▶ [Prompt] When you reach the line containing "White Gold plated" in the entries below, start writing out each line exactly, and stop after the line containing "Zeera QUINA Arabic".

▶ [Excerpted data]
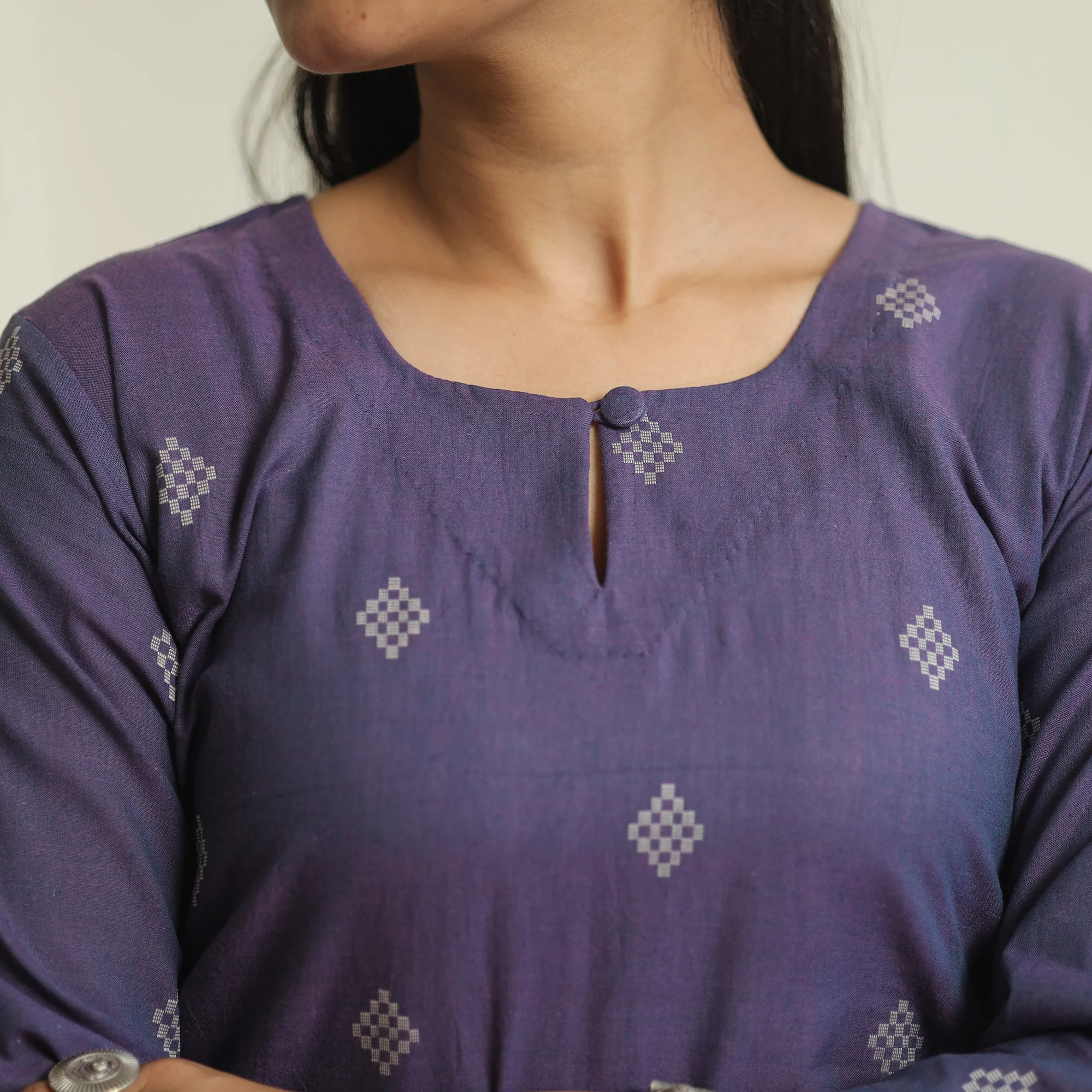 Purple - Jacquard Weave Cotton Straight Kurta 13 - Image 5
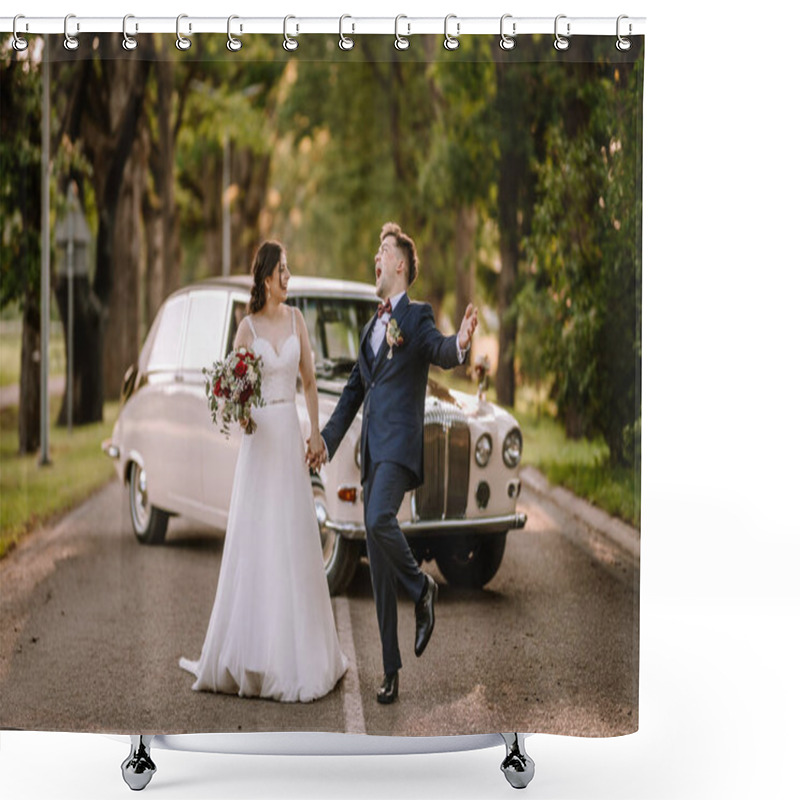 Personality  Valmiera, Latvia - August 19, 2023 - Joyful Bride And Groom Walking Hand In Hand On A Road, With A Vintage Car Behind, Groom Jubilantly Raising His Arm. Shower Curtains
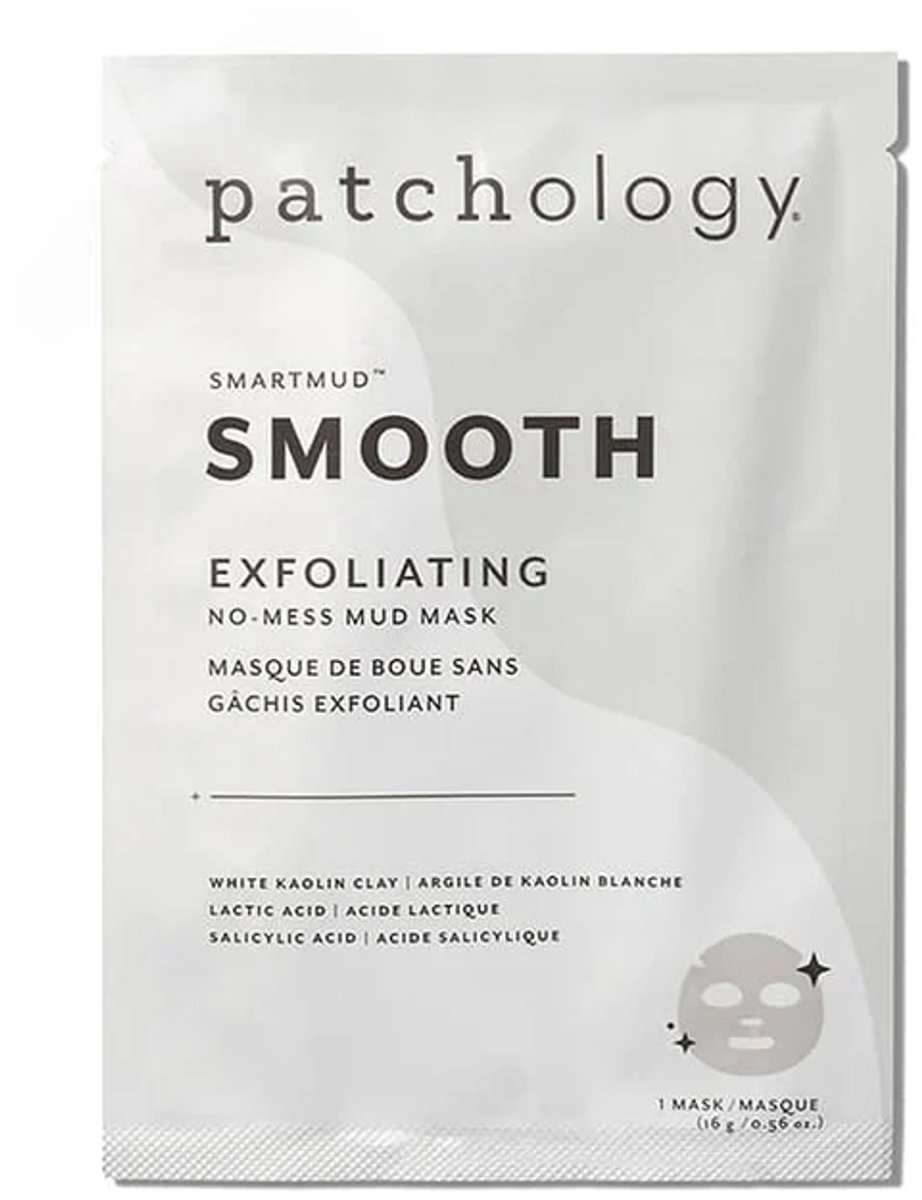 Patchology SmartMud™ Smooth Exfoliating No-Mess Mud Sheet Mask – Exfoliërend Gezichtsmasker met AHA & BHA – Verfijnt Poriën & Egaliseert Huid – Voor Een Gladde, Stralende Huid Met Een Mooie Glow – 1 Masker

--

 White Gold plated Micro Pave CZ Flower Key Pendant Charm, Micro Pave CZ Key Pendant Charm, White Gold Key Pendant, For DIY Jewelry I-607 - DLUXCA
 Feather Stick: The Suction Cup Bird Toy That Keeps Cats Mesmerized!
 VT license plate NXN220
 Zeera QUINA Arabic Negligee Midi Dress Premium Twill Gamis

▶ [Response below]
 White Gold plated Micro Pave CZ Flower Key Pendant Charm, Micro Pave CZ Key Pendant Charm, White Gold Key Pendant, For DIY Jewelry I-607 - DLUXCA
 Feather Stick: The Suction Cup Bird Toy That Keeps Cats Mesmerized!
 VT license plate NXN220
 Zeera QUINA Arabic Negligee Midi Dress Premium Twill Gamis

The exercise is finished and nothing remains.